Travailler davantage aurait d’autres conséquences. Travailler plus, c’est augmenter le nombre d’accidents. Toutes les études le prouvent : plus la durée du travail est longue, plus il y a d’accidents. D’autant que l’aménagement du temps de travail, mis en place avec les 35 heures, a intensifié le travail : les gens sont à bout, craquent. Penser qu’ils pourraient travailler plus sans conséquences graves sur le plan sanitaire est tout simplement irréaliste. Par ailleurs, si le taux d’emploi des salariés de plus de 55 ans est si bas, c’est aussi en relation avec cette intensification du travail : quand on a déjà trimé toute sa vie, on ne peut plus tenir le rythme imposé par les cadences infernales. Comment peut-on envisager, sans sombrer dans le ridicule, que ces travailleurs pourraient non seulement reprendre un travail dans les conditions actuelles et, en plus, faire des heures supplémentaires pour gagner plus ?
Faire travailler davantage ceux qui déjà un emploi, c’est se satisfaire du taux de chômage actuel : les employeurs pourront privilégier le recours aux heures supplémentaires plutôt que de créer des emplois. C’est aussi refuser d’obliger certaines professions à améliorer les conditions de travail. Les patrons du bâtiment ou de la restauration se plaignent de ne pas trouver des salariés qui acceptent de travailler dans les conditions qu’elles proposent, malgré le chômage... mais quels emplois offrent-ils ? Il s’agit bien souvent d’emplois avec des journées de travail qui n’en finissent pas, dans des conditions de sécurité insupportables.
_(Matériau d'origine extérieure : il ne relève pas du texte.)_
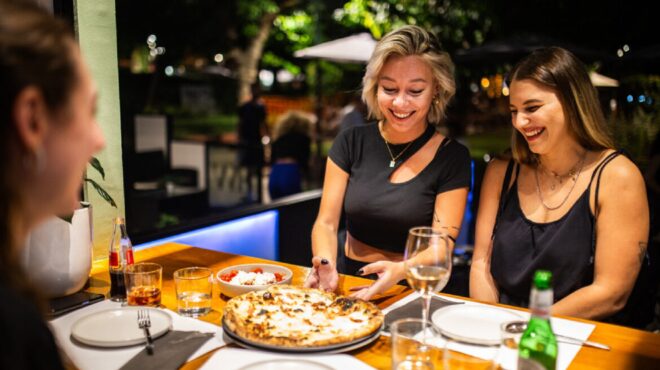 lisa-ο-pizzaiolo-της-φωκίωνος-νέγρη-φτιάχνει-μια-α-562660108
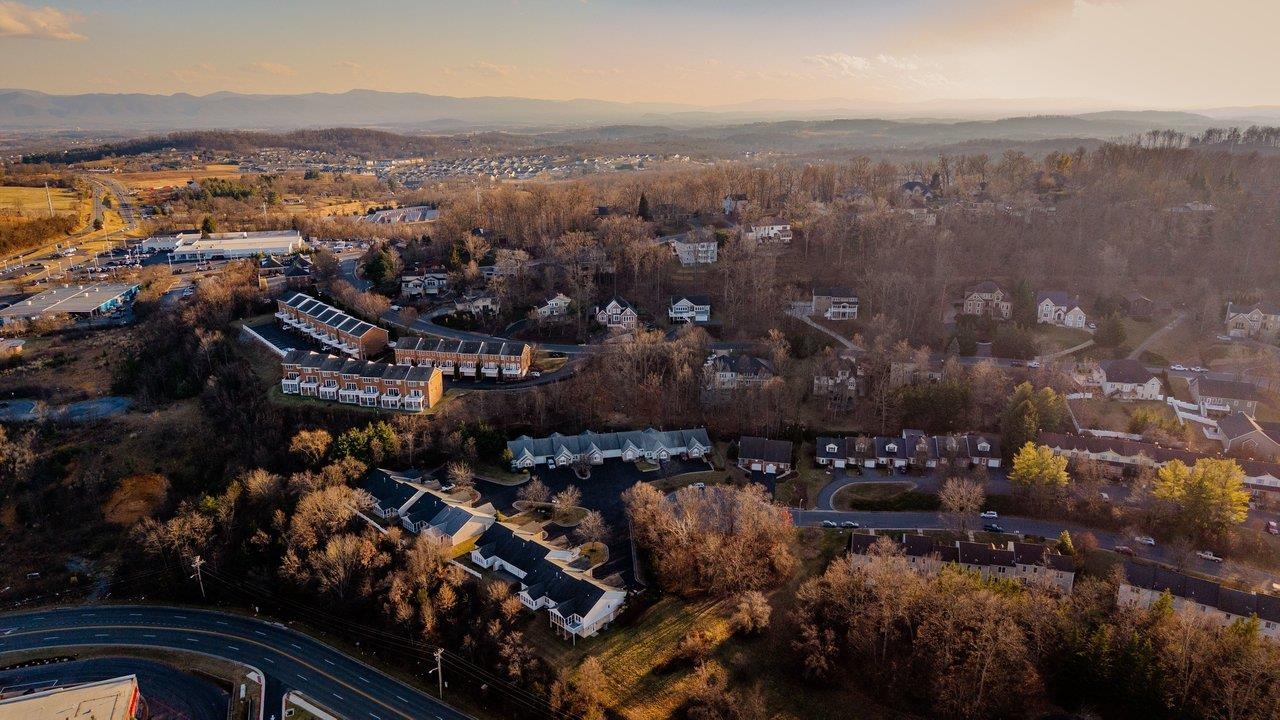 140 EMERALD DR, HARRISONBURG, Virginia 22801, 2 Bedrooms Bedrooms, ,2 BathroomsBathrooms,Residential,140 EMERALD DR,672330 MLS # 672330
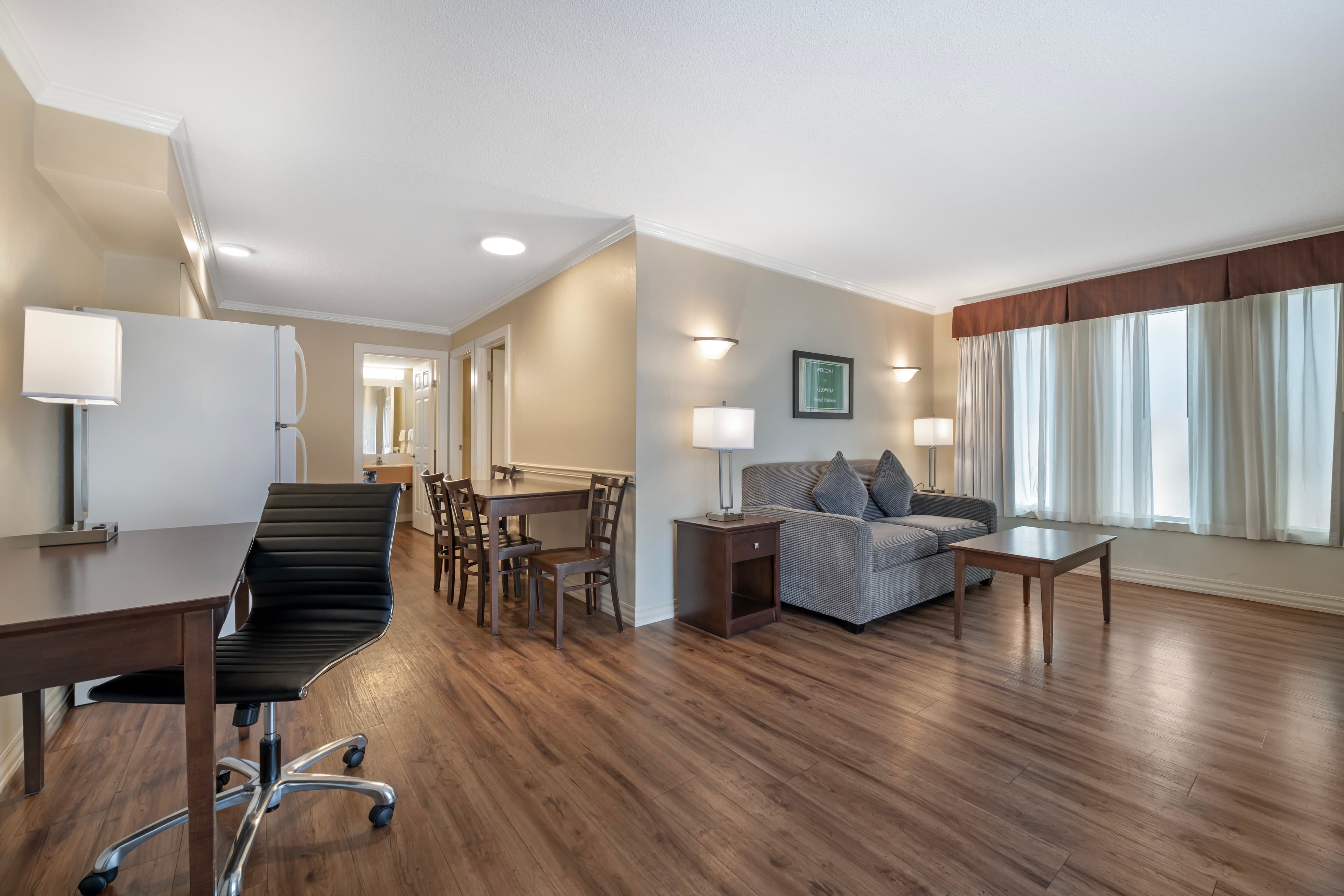 Econo Lodge Inn & Suites — 33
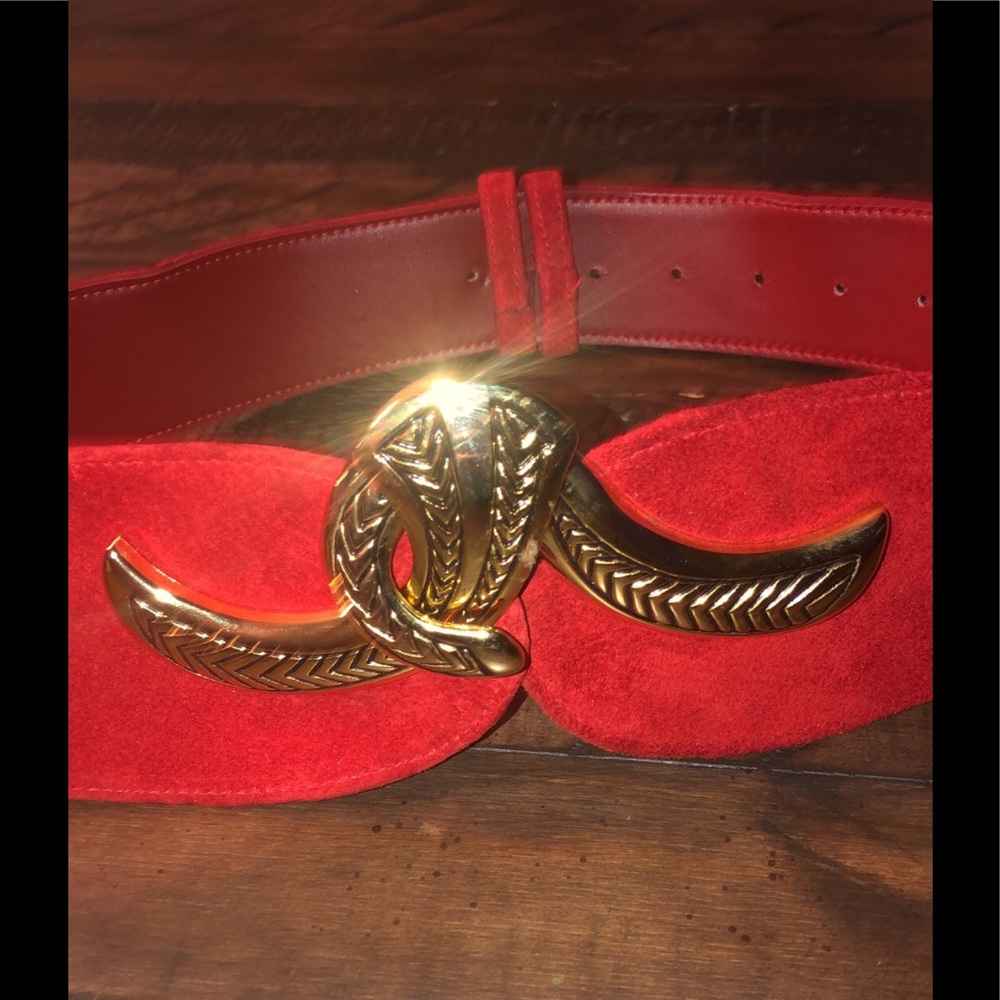 🔥 Red Leather belt with gold belt buckle 34 in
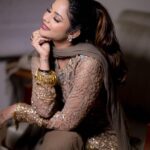 Aishwarya Dutta Instagram - Diwali series part 2 Make over by - @sanaras_makeover Shot by - @g3_photography Jewellery by - @bronzerbridaljewellery Hair by - @jozz_mehndiartistry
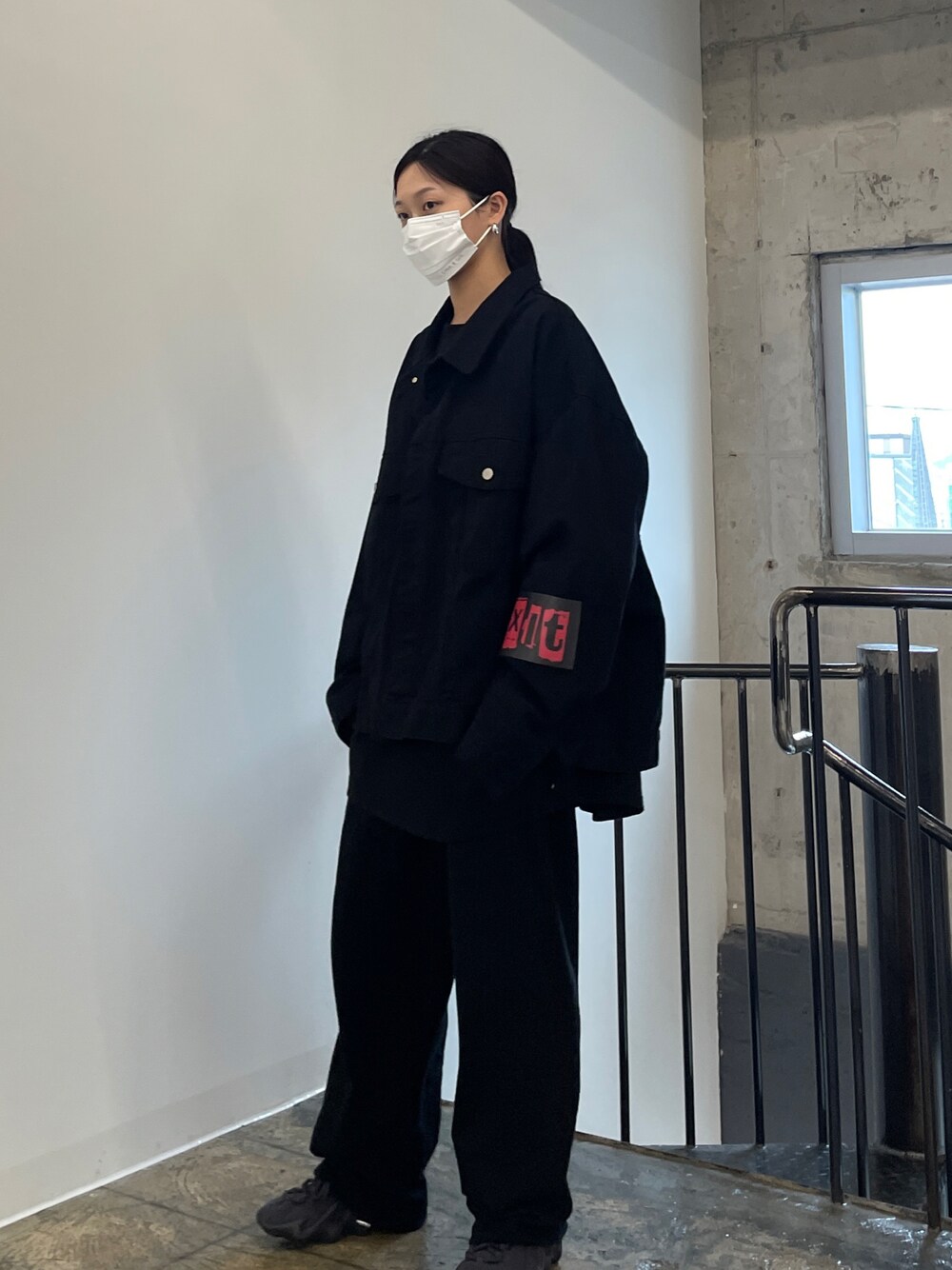 「black、minsobi、oversize、Wide Pants、yeezy、fashion、fw、minsobi_official、EXIT」｜「minsobiの【2022 F/W PRE ORDER】[EXIT]ビッグシルエットジャケット　トラッカージャケット（デニムジャケット、ブラック系）」を使った、fey0ppさん（レディース・165cm）の夏コーディネートの1枚目の写真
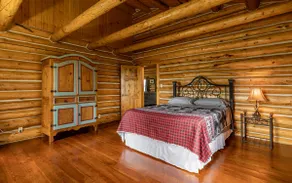 Cozy Cabin- Classic Log Cabin, Great Location close to Cody! - Image 4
Les mesures de Sarkozy sur les heures supplémentaires remettent en cause la fonction des cotisations sociales. L’exonération des cotisations sociales versées par les patrons sur les heures supplémentaires (1,50 euro pour les entreprises de moins de vingt salariés et 0,50 euro dans les autres) est évidemment accueillie favorablement par les employeurs : ce qu’ils payaient jusqu’à présent va être payé par l’impôt, c’est-à-dire en partie par les salariés. Les exonérations de cotisations versées par les salariés permettraient aux salaires d’être augmentés en net de cette différence, mais cela ne pèse pas lourd pour chacun d’entre eux : 2,22 euros pour une heure sup’ rémunérée au Smic plus 25 %.
Partage des richesses
C’est un pas de plus dans le transfert du financement de la protection sociale des entreprises à l’impôt. Rappelons que les entreprises sont déjà totalement exonérées du paiement des cotisations à la Sécurité sociale au niveau du Smic, et très largement pour les salaires jusqu’à 1,6 fois le Smic. Le montant payé par l’État avec l’impôt est inférieur au montant des cotisations qui auraient dû être payées : les difficultés des caisses vont s’accentuer et les salariés en pâtiront. La défiscalisation des heures supplémentaires, qui concernerait cette fois seulement les salariés, est en discussion, prétendument pour des raisons techniques. L’avantage financier, s’il se produit, ne sera à la disposition des salariés qu’en déduction des impôts... Il faudra donc attendre pour gagner plus, et souhaiter que le déficit de l’État ne vienne pas changer les décisions.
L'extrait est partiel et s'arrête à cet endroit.